In the interim, planners can move their bookings away from Hilton and Marriott brands, going with competitors who are still offering standard 10 percent commission rates instead. However, if other chains start to cut hotel commissions, intermediaries could choose to charge clients a larger service fee to compensate or even shy away from relying on commissions altogether.

But chances are, planners won’t avoid Marriott based on their ethical standards. As Brett Sterenson, President of Hotel Lobbyists, recently stated, “Any reputable intermediary is not going to intentionally avoid Marriott… We won’t do it because it is completely self-serving and not in our end users’ best interest — and we would lose business. Avoiding [Marriott] is impossible.”

Predictions From Around the Industry

Third-party planners will consolidate.

“The floodgates are now open for the larger hotel chains operating in North America to lower their commission rates for meetings alongside Marriott and Hilton. At a time when meeting space is limited and expensive, a wider shift will likely lead to a wave of consolidation for third-party meeting planners as they become less profitable.” -Andrew Scheivachman, Skift

Large franchise brands will follow, but spare the big guys.

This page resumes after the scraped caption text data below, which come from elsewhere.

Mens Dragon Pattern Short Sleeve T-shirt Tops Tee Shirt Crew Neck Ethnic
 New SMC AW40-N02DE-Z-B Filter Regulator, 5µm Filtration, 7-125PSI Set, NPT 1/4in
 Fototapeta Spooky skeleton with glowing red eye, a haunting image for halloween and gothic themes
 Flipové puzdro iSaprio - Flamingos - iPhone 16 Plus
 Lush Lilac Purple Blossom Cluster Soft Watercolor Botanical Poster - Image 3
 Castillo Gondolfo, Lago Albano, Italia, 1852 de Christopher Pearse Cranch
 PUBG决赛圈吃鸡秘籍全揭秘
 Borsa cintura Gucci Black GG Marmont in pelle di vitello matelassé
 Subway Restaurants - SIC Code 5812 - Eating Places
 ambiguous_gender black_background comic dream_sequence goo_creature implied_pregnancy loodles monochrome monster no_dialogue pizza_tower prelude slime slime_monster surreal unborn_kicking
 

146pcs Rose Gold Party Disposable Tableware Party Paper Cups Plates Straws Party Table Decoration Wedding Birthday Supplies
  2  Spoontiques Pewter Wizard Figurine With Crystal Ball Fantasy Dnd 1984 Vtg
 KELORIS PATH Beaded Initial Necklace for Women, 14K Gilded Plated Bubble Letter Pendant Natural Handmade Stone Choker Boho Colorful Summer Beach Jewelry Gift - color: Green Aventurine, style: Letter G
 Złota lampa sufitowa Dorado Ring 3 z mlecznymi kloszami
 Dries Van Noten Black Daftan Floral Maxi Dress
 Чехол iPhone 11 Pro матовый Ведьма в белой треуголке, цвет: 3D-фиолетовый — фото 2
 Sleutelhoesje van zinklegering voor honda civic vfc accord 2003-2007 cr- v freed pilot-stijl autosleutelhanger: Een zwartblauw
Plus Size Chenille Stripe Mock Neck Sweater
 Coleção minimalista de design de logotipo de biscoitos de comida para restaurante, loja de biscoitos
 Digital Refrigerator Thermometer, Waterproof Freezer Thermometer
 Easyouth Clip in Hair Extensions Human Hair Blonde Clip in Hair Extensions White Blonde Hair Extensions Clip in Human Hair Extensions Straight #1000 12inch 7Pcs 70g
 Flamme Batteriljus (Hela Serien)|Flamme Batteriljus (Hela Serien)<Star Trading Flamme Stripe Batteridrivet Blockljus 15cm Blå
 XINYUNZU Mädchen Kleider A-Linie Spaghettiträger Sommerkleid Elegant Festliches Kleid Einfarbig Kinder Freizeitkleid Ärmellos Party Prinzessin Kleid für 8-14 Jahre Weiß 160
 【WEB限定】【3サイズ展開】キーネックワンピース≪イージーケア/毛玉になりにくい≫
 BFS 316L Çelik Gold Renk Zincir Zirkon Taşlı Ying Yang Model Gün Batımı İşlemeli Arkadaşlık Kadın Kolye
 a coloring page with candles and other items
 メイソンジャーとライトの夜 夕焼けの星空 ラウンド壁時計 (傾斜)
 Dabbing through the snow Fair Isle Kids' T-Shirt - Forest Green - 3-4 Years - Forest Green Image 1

“Looking ahead, I believe we will see that most large franchise brands will reduce commissions across the board and then have some type of back-end volume bonus for the major third-party planners to reimburse them for lost commission.” -Elaine Macy, Executive Vice President of Global Group Sales, Preferred Hotels

Eventually, all commission will be cut.

I expect [commissions] to go from seven to zero. They’ll couch it in savings to the end-user, for our clients. The story has always been that the hotels didn’t charge more for commissionable rates, but that story is going to change. They’ll say, ‘Now that we don’t pay third-party commissions, we don’t have to pass that cost on to you.” -Bonni Scepkowski, President & Chief Strategy Officer, Stellar Meetings & Events

The future still isn’t clear.

Even with all the predictions, it’s difficult to say what lies in store in the year ahead — but there’s a high probability that more hotels will likely follow suit. Taking that into account, it’s a great time to for properties to improve their direct group booking capability. For planners, it’s time to re-evaluate the services they’re able to offer their clients to make sure they’re providing real value.